By Thrones standards, their love scene is pretty tame. But as fans have spent the better part of the last seven years watching Arya grow from Stark sibling to cold-blooded killer, it’s almost as bewildering as anything else Thrones has done. Like, Arya, I’m happy for you girl. You should totally get it, but also, I saw you fling your lunch at your sister with a spoon seven years ago.
Luckily, the episode moves on in a huff to its best moment of the night. After Tormund (Kristofer Hivju) reunites with his esteemed Brienne of Tarth (Gwendoline Christie), Brienne earns the best moment of the episode with her knighting by Jaime in a very raw and very rare moment of tenderness; you can almost hear Westeros ceilings shatter like it was dragonglass on White Walker skin.

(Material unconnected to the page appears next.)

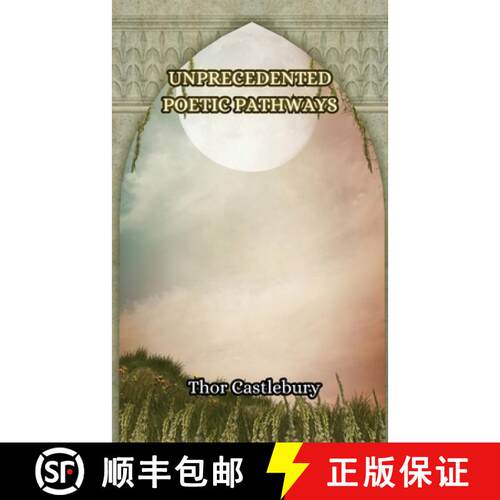 【3-4周达】Unprecedented Poetic Pathways [9789916349380]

Finally, though, there is the matter of Jon (Kit Harington), Dany (Emilia Clarke), and Sansa (Sophie Turner). Dany and Sansa are far from finished with each other; the question of what will become of the North has been tabled and will be revisited at a later date (if there still is a North left after next week). But this episode couldn’t end with any matter other than Jon finally telling Dany their shared family lineage. No, Dany doesn’t take it well, as anyone would. But there’s little time to dwell on it, because that’s precisely when the Night King comes knocking.
With an emphasis on character over plot, this week’s episode is determined to lull fans with warmth and sentimentality (a great deal of the episode is made about the actual literal heat of fire) before the cold breeze of death comes marching to the front door. There’s no great or grand mystery to solve or puzzles to mull over. It’s just characters with long histories with each other having the night of their lives, because it might be the last one they’ll ever have.
Game of Thrones airs Sundays at 9 p.m. Eastern on HBO.